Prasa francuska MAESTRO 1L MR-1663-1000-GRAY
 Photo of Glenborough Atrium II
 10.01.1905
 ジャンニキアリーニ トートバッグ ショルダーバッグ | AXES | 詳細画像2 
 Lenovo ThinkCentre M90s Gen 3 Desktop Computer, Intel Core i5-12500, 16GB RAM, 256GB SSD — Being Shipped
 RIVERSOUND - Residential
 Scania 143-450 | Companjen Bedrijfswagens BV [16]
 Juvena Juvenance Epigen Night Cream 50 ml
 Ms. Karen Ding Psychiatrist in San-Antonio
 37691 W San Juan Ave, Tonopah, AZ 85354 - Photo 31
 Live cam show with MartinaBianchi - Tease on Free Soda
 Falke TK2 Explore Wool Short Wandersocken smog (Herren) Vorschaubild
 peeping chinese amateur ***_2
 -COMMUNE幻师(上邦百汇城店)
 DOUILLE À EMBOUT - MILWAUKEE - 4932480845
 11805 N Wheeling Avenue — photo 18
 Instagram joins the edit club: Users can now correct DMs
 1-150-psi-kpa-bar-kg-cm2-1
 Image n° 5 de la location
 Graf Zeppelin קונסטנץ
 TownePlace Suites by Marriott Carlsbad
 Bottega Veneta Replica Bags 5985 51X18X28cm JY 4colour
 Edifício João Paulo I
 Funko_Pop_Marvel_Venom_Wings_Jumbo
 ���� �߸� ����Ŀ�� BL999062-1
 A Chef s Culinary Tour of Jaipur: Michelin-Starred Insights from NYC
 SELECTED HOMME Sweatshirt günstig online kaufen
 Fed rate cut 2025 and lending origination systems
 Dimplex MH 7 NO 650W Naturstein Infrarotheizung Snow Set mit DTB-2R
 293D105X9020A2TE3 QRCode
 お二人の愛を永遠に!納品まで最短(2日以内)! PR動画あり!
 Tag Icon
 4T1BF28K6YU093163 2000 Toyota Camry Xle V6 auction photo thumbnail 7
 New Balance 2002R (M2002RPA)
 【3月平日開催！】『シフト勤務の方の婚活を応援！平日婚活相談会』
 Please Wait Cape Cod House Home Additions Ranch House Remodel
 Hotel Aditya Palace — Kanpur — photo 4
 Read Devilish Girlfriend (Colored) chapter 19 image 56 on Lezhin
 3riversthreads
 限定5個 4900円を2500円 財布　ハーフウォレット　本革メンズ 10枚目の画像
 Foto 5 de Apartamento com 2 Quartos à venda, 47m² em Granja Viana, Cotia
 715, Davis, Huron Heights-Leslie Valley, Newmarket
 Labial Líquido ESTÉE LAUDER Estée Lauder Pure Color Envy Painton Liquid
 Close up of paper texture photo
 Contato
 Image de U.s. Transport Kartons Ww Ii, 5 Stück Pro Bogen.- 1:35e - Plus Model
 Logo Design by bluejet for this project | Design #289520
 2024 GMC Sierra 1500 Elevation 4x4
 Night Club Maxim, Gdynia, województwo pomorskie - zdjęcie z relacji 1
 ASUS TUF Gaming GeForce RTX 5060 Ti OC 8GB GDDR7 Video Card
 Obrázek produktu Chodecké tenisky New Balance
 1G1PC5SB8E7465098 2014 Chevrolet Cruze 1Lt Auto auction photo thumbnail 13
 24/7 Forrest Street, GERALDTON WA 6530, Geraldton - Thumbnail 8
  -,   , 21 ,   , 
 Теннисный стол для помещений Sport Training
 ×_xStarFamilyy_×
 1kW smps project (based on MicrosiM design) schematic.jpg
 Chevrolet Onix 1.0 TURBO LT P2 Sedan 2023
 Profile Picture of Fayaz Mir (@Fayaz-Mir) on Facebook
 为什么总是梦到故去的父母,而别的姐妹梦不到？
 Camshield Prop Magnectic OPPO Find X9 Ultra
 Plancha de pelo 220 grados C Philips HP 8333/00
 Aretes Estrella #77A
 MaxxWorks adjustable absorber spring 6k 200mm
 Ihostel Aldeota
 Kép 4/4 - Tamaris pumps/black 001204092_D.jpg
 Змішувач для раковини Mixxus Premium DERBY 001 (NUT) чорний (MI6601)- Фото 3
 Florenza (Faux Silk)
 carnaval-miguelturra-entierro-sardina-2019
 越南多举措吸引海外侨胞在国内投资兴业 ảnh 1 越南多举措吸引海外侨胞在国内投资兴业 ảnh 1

▶ [Task requirements]
Repeat verbatim the line holding "Plancha de pelo" and all lines after it, up to the end of the material.

▶ [Answer box]
 Plancha de pelo 220 grados C Philips HP 8333/00
 Aretes Estrella #77A
 MaxxWorks adjustable absorber spring 6k 200mm
 Ihostel Aldeota
 Kép 4/4 - Tamaris pumps/black 001204092_D.jpg
 Змішувач для раковини Mixxus Premium DERBY 001 (NUT) чорний (MI6601)- Фото 3
 Florenza (Faux Silk)
 carnaval-miguelturra-entierro-sardina-2019
 越南多举措吸引海外侨胞在国内投资兴业 ảnh 1 越南多举措吸引海外侨胞在国内投资兴业 ảnh 1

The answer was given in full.